Problem requirements –
Go to the line below containing "Used 2017 Ferrari" and print exactly from there through the line containing "Image 5 - 1616", both included. Print nothing else.

Records provided –

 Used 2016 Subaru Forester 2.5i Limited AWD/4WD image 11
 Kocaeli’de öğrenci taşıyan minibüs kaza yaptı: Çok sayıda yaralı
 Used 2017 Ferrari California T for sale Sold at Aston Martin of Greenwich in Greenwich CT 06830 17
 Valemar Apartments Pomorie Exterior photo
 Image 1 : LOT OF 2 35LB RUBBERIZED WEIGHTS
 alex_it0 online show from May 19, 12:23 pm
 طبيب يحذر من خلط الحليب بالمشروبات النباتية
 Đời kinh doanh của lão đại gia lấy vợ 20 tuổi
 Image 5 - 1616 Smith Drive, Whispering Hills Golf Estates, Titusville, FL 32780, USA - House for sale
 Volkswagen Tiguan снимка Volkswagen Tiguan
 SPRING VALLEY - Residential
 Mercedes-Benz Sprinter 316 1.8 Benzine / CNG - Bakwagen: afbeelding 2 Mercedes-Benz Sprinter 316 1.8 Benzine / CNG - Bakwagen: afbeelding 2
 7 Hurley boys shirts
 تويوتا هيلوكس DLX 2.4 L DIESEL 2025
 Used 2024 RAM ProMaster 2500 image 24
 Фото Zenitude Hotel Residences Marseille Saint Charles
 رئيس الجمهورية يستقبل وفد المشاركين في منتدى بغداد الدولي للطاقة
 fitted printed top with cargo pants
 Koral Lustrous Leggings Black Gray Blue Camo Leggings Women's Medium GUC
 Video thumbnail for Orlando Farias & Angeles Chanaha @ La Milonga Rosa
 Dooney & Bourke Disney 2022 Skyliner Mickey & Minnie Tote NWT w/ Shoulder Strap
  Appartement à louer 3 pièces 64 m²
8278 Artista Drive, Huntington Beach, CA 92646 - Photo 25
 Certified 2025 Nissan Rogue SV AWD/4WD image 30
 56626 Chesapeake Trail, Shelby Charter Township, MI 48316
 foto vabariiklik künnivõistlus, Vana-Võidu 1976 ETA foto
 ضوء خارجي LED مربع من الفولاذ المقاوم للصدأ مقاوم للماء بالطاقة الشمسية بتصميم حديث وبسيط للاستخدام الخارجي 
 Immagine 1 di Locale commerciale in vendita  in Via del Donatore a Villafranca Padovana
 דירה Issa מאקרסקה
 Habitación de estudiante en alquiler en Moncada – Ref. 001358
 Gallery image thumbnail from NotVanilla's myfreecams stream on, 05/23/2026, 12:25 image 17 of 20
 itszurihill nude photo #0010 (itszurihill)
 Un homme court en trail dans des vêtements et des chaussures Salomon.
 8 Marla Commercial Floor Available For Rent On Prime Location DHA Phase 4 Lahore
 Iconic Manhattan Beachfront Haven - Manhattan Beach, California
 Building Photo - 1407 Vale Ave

Exercise response –
 Used 2017 Ferrari California T for sale Sold at Aston Martin of Greenwich in Greenwich CT 06830 17
 Valemar Apartments Pomorie Exterior photo
 Image 1 : LOT OF 2 35LB RUBBERIZED WEIGHTS
 alex_it0 online show from May 19, 12:23 pm
 طبيب يحذر من خلط الحليب بالمشروبات النباتية
 Đời kinh doanh của lão đại gia lấy vợ 20 tuổi
 Image 5 - 1616 Smith Drive, Whispering Hills Golf Estates, Titusville, FL 32780, USA - House for sale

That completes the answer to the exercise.